§ **WORK TO BE COMPLETED**
Take the entries below and print only the lines from the one with "Photo showing various" through the one with "Schoolkid share privacy", exactly as they stand, both ends included.

────────────────────────────────────────

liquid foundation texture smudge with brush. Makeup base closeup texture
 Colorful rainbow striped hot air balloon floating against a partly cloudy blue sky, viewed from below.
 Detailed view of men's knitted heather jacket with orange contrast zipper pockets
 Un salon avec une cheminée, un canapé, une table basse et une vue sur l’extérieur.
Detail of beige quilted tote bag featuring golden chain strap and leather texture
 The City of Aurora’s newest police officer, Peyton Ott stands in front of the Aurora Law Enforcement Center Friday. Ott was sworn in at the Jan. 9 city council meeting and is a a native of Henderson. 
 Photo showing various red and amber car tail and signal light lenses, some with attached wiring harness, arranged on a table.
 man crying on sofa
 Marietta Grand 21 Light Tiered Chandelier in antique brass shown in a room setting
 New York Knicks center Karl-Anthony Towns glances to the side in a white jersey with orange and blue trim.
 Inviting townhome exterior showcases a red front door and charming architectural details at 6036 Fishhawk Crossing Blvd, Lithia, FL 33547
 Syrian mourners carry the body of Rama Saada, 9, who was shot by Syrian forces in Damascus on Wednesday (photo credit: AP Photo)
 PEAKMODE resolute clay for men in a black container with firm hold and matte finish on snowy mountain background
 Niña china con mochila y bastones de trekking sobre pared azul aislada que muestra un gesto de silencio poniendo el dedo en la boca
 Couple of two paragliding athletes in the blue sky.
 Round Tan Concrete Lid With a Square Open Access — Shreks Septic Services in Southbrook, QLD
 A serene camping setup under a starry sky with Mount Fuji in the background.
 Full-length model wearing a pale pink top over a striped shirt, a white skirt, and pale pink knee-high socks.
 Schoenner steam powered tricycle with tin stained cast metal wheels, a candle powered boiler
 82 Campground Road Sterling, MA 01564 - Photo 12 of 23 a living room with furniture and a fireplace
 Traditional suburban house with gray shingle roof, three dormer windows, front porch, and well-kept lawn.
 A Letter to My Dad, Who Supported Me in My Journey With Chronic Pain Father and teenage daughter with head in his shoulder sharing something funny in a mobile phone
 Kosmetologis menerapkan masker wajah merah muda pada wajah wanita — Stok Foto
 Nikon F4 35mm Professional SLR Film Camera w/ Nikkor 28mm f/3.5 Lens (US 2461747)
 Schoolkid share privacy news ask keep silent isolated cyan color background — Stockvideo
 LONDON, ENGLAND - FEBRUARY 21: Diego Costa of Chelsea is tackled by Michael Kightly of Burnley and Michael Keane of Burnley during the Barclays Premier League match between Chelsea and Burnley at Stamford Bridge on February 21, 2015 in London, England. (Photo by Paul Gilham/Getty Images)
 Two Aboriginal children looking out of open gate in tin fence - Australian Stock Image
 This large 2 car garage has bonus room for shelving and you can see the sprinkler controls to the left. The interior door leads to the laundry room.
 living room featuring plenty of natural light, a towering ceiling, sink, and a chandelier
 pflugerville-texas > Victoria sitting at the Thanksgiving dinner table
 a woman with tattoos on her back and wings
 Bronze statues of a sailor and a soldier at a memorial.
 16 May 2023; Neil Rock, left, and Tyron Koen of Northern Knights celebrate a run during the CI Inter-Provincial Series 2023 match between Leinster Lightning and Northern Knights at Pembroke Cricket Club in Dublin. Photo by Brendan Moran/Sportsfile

────────────────────────────────────────

§ **ANSWER SECTION**
 Photo showing various red and amber car tail and signal light lenses, some with attached wiring harness, arranged on a table.
 man crying on sofa
 Marietta Grand 21 Light Tiered Chandelier in antique brass shown in a room setting
 New York Knicks center Karl-Anthony Towns glances to the side in a white jersey with orange and blue trim.
 Inviting townhome exterior showcases a red front door and charming architectural details at 6036 Fishhawk Crossing Blvd, Lithia, FL 33547
 Syrian mourners carry the body of Rama Saada, 9, who was shot by Syrian forces in Damascus on Wednesday (photo credit: AP Photo)
 PEAKMODE resolute clay for men in a black container with firm hold and matte finish on snowy mountain background
 Niña china con mochila y bastones de trekking sobre pared azul aislada que muestra un gesto de silencio poniendo el dedo en la boca
 Couple of two paragliding athletes in the blue sky.
 Round Tan Concrete Lid With a Square Open Access — Shreks Septic Services in Southbrook, QLD
 A serene camping setup under a starry sky with Mount Fuji in the background.
 Full-length model wearing a pale pink top over a striped shirt, a white skirt, and pale pink knee-high socks.
 Schoenner steam powered tricycle with tin stained cast metal wheels, a candle powered boiler
 82 Campground Road Sterling, MA 01564 - Photo 12 of 23 a living room with furniture and a fireplace
 Traditional suburban house with gray shingle roof, three dormer windows, front porch, and well-kept lawn.
 A Letter to My Dad, Who Supported Me in My Journey With Chronic Pain Father and teenage daughter with head in his shoulder sharing something funny in a mobile phone
 Kosmetologis menerapkan masker wajah merah muda pada wajah wanita — Stok Foto
 Nikon F4 35mm Professional SLR Film Camera w/ Nikkor 28mm f/3.5 Lens (US 2461747)
 Schoolkid share privacy news ask keep silent isolated cyan color background — Stockvideo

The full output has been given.